Two CHEurope members awarded ERC grants

Posted on: November 23, 2020

We are thrilled to announce that two of the CHEurope project consortium members have just been awarded each a huge ERC Synergy Grant by the European Research Council (ERC).

The first project entitled “From correlations to explanations: towards a new European prehistory” will be led and coordinated by Bronze Age specialist Kristian Kristiansen, Professor in Archaeology, and archaeologist Karl Göran Sjögren from the University of Gothenburg.
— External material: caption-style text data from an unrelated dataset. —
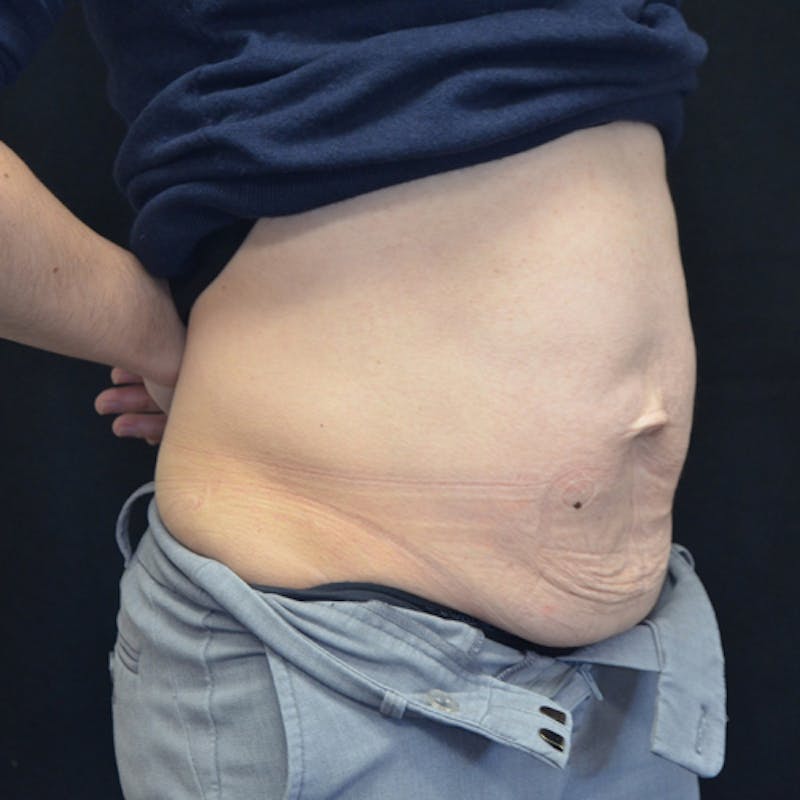 Abdominoplasty (Tummy Tuck) Before & After Gallery - Patient 114721049 - Image 3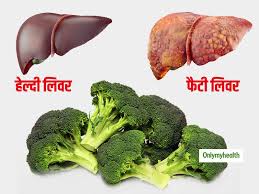 fatty liver disease diet 5 foods to helps reduce fat in the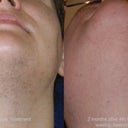 This is a before and after treatment of laser hair removal done my Dr lee. While I still need maybe 1 or 2 more treatments the results thus far are amazing. The after picture is about 2-3 months after my 4th treatment.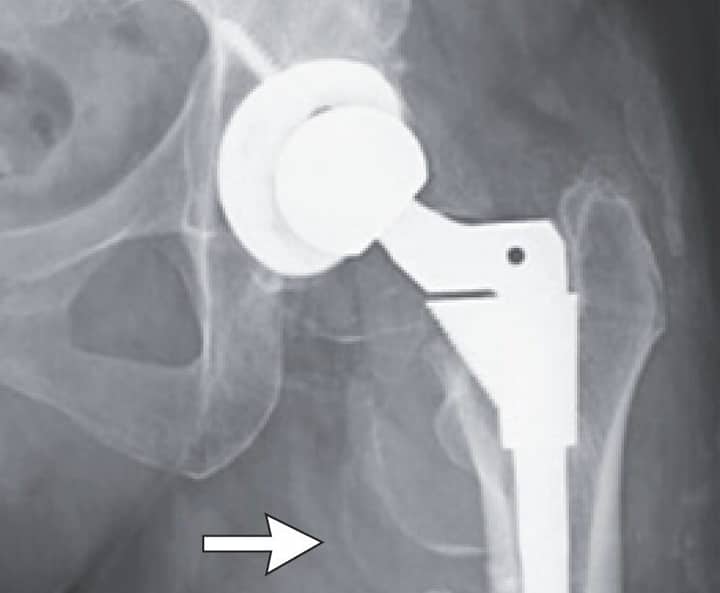Woman's puzzling decline turns out to be cobalt poisoning from hip replacement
In addition to other archaeologists from the University of Gothenburg, the project also includes strontium isotope specialists from the National Museum in Copenhagen, geneticists and archaeologists from University College London and geneticists from the Lundbeck Foundation GeoGenetics Centre at the University of Copenhagen. By combining novel modelling approaches with archaeology and large quantities of data and analyses – including everything from prehistoric genetic material to climate data – the research team aims to discover and explain the key processes behind the genetic and cultural diversity in Europe. The researchers will investigate the period from the first farmers around 6,000 years BCE, to the end of the Bronze Age around 500 years BCE.
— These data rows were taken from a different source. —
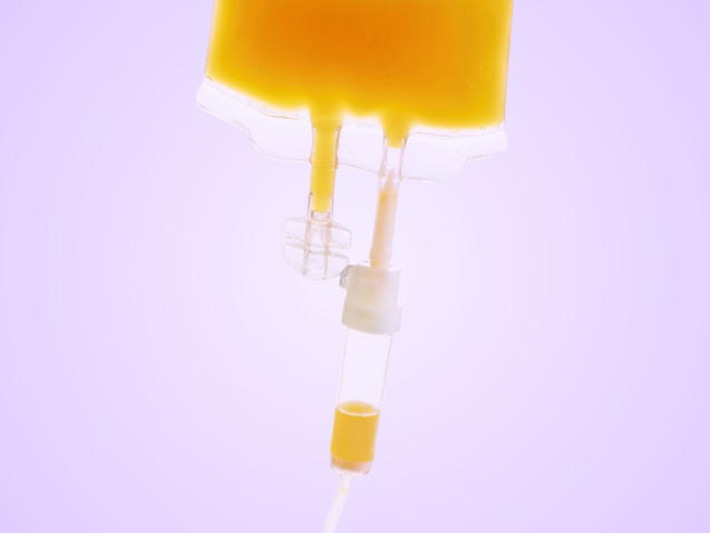 Can Swapping Out Your Plasma Slow the Aging Process? | The Health Report | Scoop.it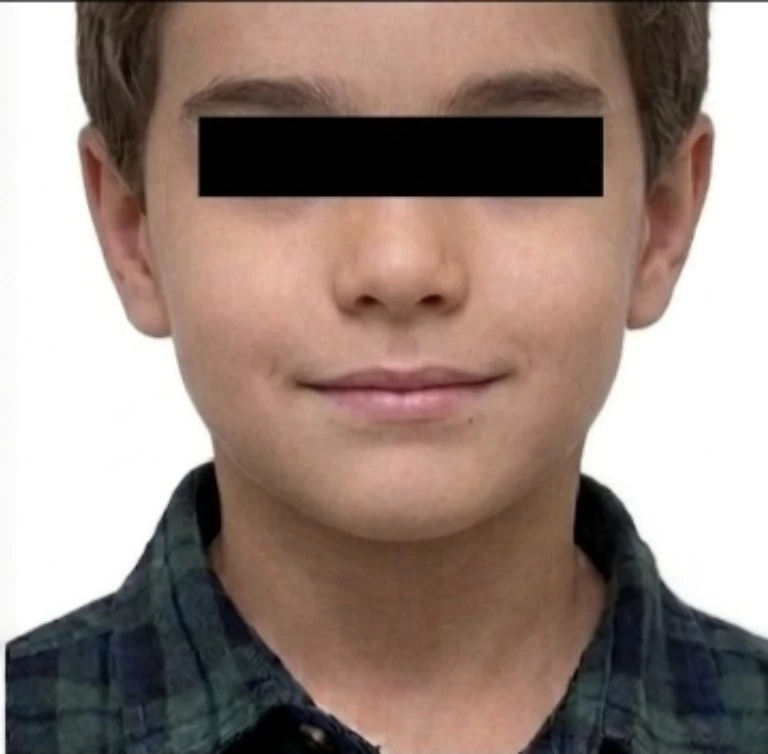 Vista frontal depois da otoplastia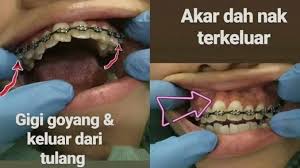 Penggunaan pendakap gigi yang palsu atau pemasangan pendakap gigi oleh individu yang tidak bertauliah boleh mengundang pelbagai jenis risiko dan penyakit berbahaya seperti tibi. Pendakap Gigi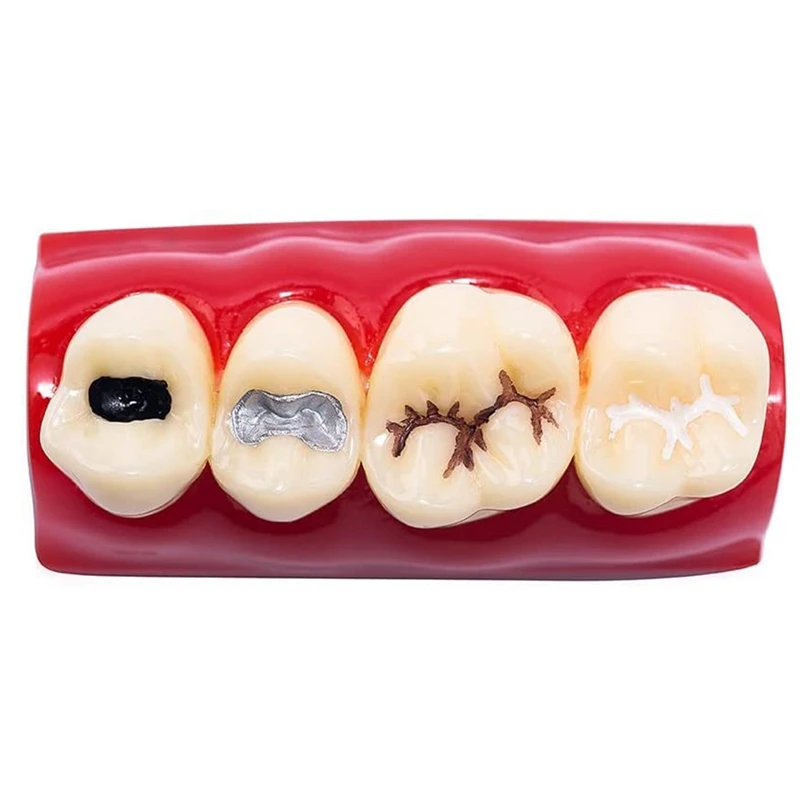 Pathology Teeth Model Sealant Demonstration Tooth Model For  Teaching,Displaying, Educating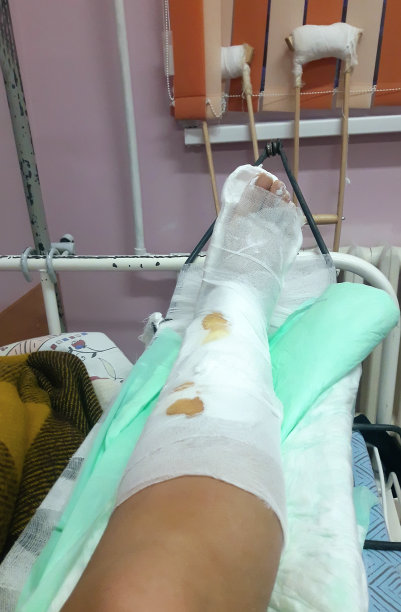 骨折后石膏腿。图片下载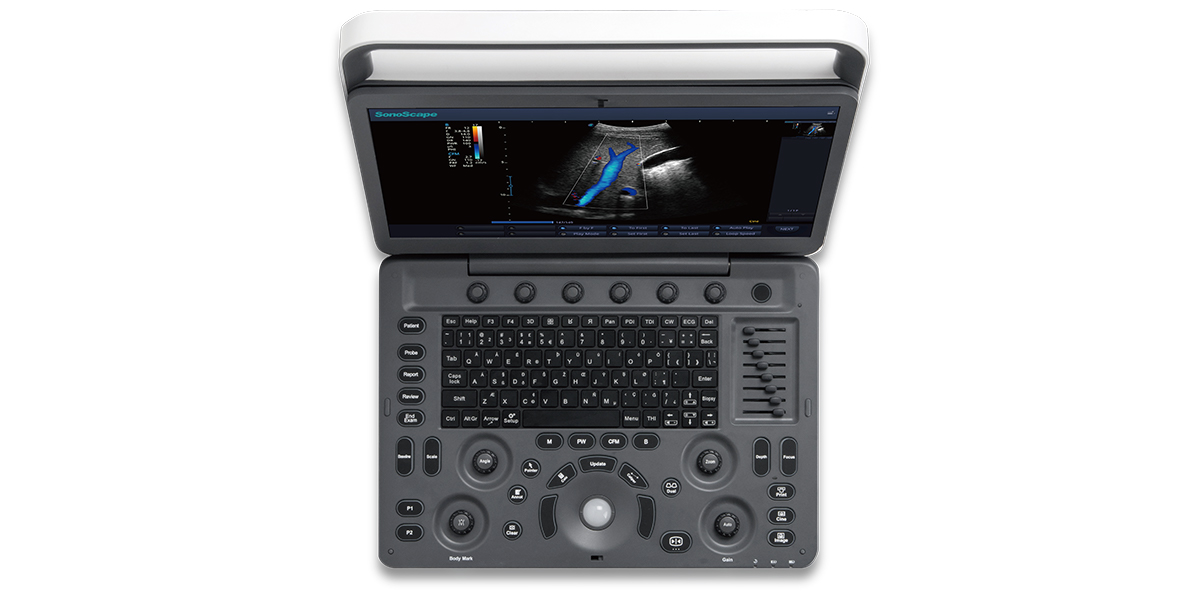 Échographe Doppler Couleur Portable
The second project is entitled Material Minds: Exploring the Interactions between Predictive Brains, Cultural Artefacts, and Embodied Visual Search and is led by Felipe Criado-Boado, Spanish National Research Council (CSIC), Institute of Heritage Sciences (Incipit), in partnership with Andy Clark, University of Sussex, Department of Informatics and Department of Philosophy (UK), Luis M. Martínez, Spanish National Research Council-CSIC, Institute of Neurosciences-IN (SP) and Johannes Müller, University of Kiel, Institute of Prehistoric and Protohistoric Archaeology (DE). The project asks in what ways the worlds we build and inhabit alter our own minds and the ways we process information? Do the material structures of our settlements, buildings, roads, and artefacts change fundamental patterns of thought and attention, so that understanding change in these ‘material codes’ becomes part and parcel of understanding the emergence of the modern mind? To answer these questions, the “Material Minds” Project brings together a unique team from archaeology, vision science, and cognitive philosophy. Using a carefully curated set of materials, spanning a range of cultures and a wide sweep of archaeological, historic, ethnoarchaeological and contemporary settings, we aim to test, for the first time, the hypothesis of materiality-driven cognitive change. “Materiality” here refers to material culture: human made cultural artefacts that include portable objects but also buildings, landscapes and ornamentations. The project will develop and deploy a new synergistic methodology that combines multiple real-world case studies with state-of-the-art visual neuroscience, and agent-based simulations.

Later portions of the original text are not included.